667 SAYILI KHK'NIN VERDİĞİ YETKİYLE HAKKINDA İŞLEM TESİS EDİLENLER DE OHAL KOMİSYONUNA BAŞVURAMAZ
Burada 667 sayılı KHK'nın 4. maddesinin 1. fıkrasının verdiği yetki ile bu maddede belirtilen makam, mercii veya kurullarca kamu görevinden çıkarılanların durumlarının irdelenmesinde de fayda görüyoruz. Haklarında doğrudan KHK ile işlem tesis edilmeyenlerin, Olağanüstü Hal İşlemleri İnceleme Komisyonuna başvuru yapmalarına, 685 sayılı KHK'nın 2. maddesi hükmü uyarınca imkan bulunmamaktadır.

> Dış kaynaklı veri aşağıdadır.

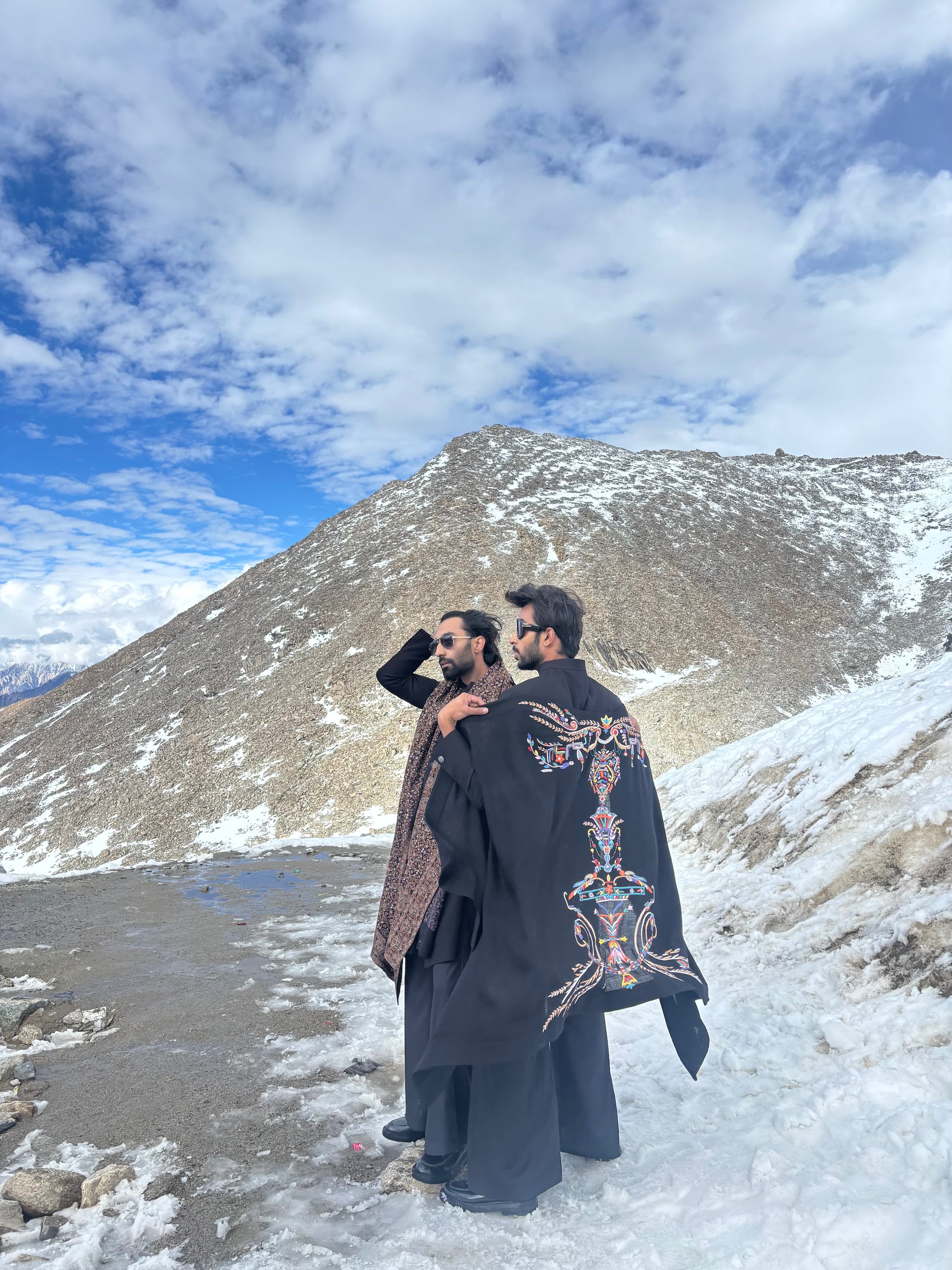 Black front zippered, long textured knit indowestern paired with a black plazo along with an embroidered pashmina stole.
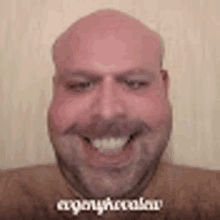 a bald man with a beard is smiling and making a funny face .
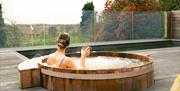 Visitor in a Hot Tub at the Spa Space at Gilpin Hotel near Windermere, Lake District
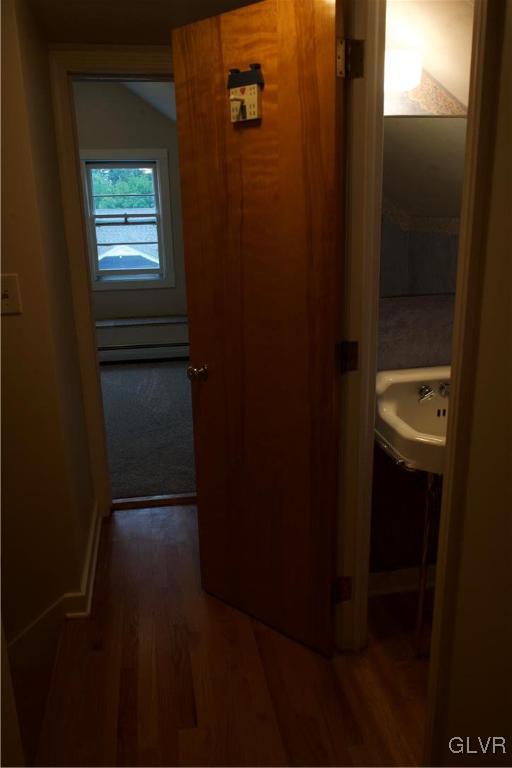 hallway featuring a baseboard heating unit, a sink, and wood finished floors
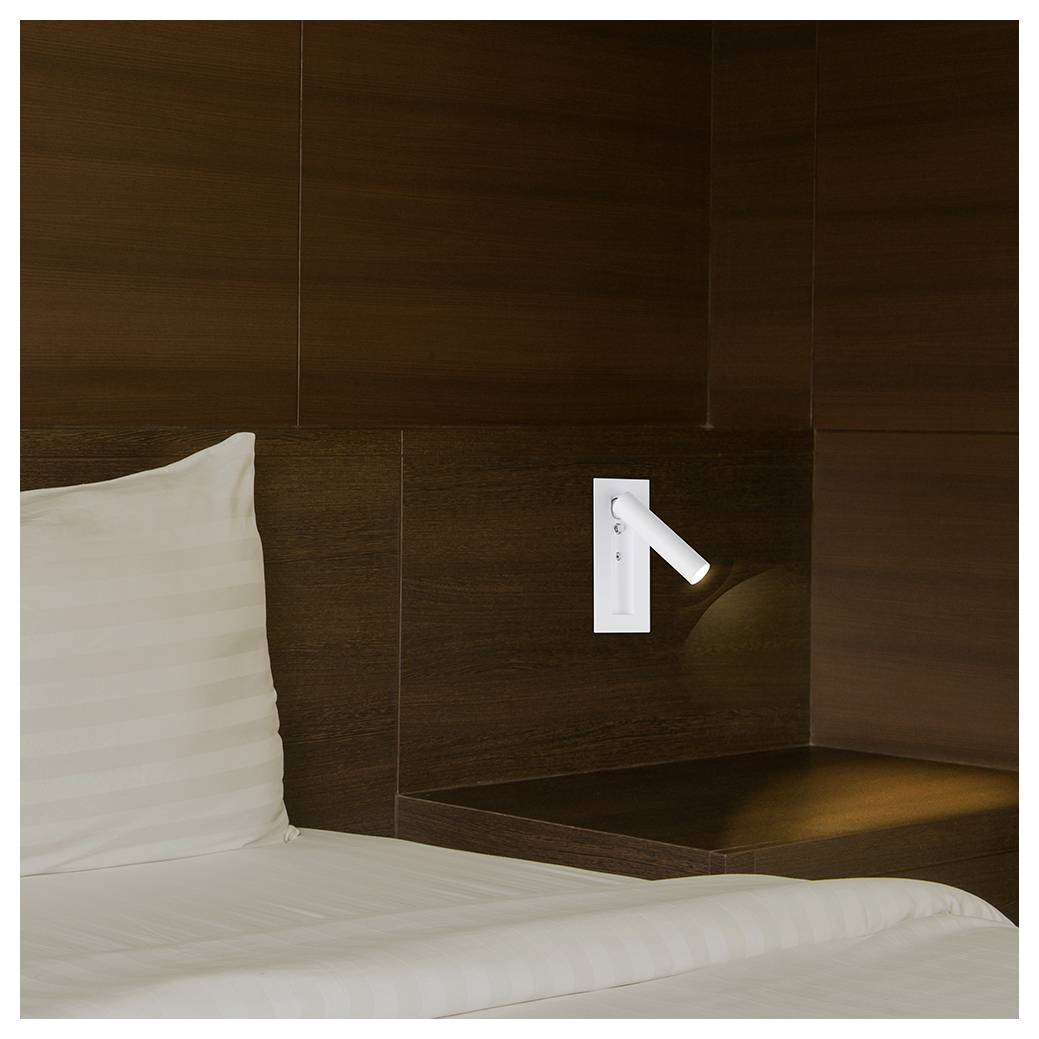 A modern hotel room corner with dark wood paneling, a mounted white reading light, and part of a white pillow on the bed.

Olağanüstü hal süresince çıkarılan KHK'larda ve özellikle 667 sayılı KHK'da düzenlenen tedbirler bakımından aynı KHK'nın 10. maddesinde yürütmenin durdurulamayacağına dair hüküm haricinde, bu tedbirler bakımından idari yahut yargısal başvuru yollarına müracaat konusunda kısıtlayıcı bir hüküm getirilmemiştir. Bu nedenle 667 sayılı KHK'nın 4. maddesinin 1. fıkrasına göre kamu görevinden çıkarılanların genel hükümler çerçevesinde idari ve yargısal başvuru yollarına müracaat edebilecekleri kanaatindeyiz. Bu şekilde kamu görevinden çıkarmalar nihayetinde idari bir tasarruftur. KHK'nın verdiği yetkiye istinaden yapılması nedeniyle bu tasarrufların yargı denetiminden bağışık olduğuna dair kazai içtihatlara iştirak etmediğimizi belirtmek isteriz. Zira bu şekildeki kamu görevinden çıkarmalar yasama organının inisiyatifi ile olmamıştır.

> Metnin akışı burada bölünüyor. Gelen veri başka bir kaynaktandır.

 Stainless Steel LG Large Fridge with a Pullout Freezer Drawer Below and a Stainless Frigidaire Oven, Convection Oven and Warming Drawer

ASKERİ ÖĞRENCİLERİN DURUMU
Son olarak burada değinmek istediğimiz konulardan biri de kapatılan askeri okullarda bulunan öğrencilerin Olağanüstü Hal İşlemleri İnceleme Komisyonuna başvuru hakkının bulunup bulunmadığıdır.

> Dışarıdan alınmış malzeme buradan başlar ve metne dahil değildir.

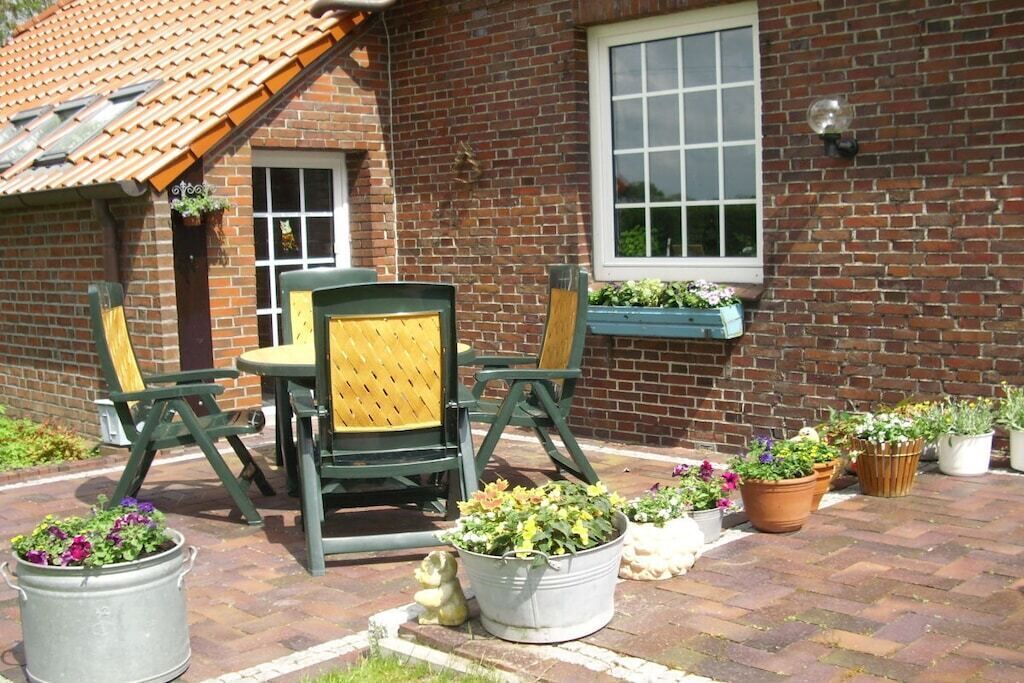 A brick building with a tiled roof, a window, and a patio area with outdoor furniture and potted plants.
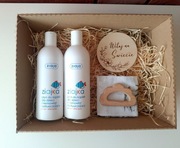 Zestaw prezentowy dla noworodka – Ziaja, pieluszka, gryzak, tabliczka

Olağanüstü hal sürecinde çıkartılan KHK'lar ile kapatılan askeri okul öğrencilerinin öğrenciliklerine son verilmemiş, bu öğrenciler dengi sivil lise ve üniversitelere yerleştirilmiştir. Dolayısıyla askeri öğrenciler hakkında KHK'lar ile doğrudan ilişik kesme işlemi yapılmamıştır. Burada yapılan işlem öğrencilikle ilişik kesilmesi değil, ilgili KHK madde hükmünde de açıkça belirtildiği üzere dengi okullara nakil işlemidir. Askeri öğrenciler hakkında Milli Eğitim Bakanlığı ve YÖK tarafından idari işlem tesis edilmek suretiyle askeri okullardan sivil okullara yerleştirme işlemi yapılmıştır. Sonuç olarak; OHAL KHK'ları ile haklarında doğrudan işlem tesis edilmemiş askeri öğrenciler, Olağanüstü Hal İşlemleri İnceleme Komisyonunun, 685 sayılı KHK'nın 2. Maddesinde belirlenen görev kapsamı dışındadırlar.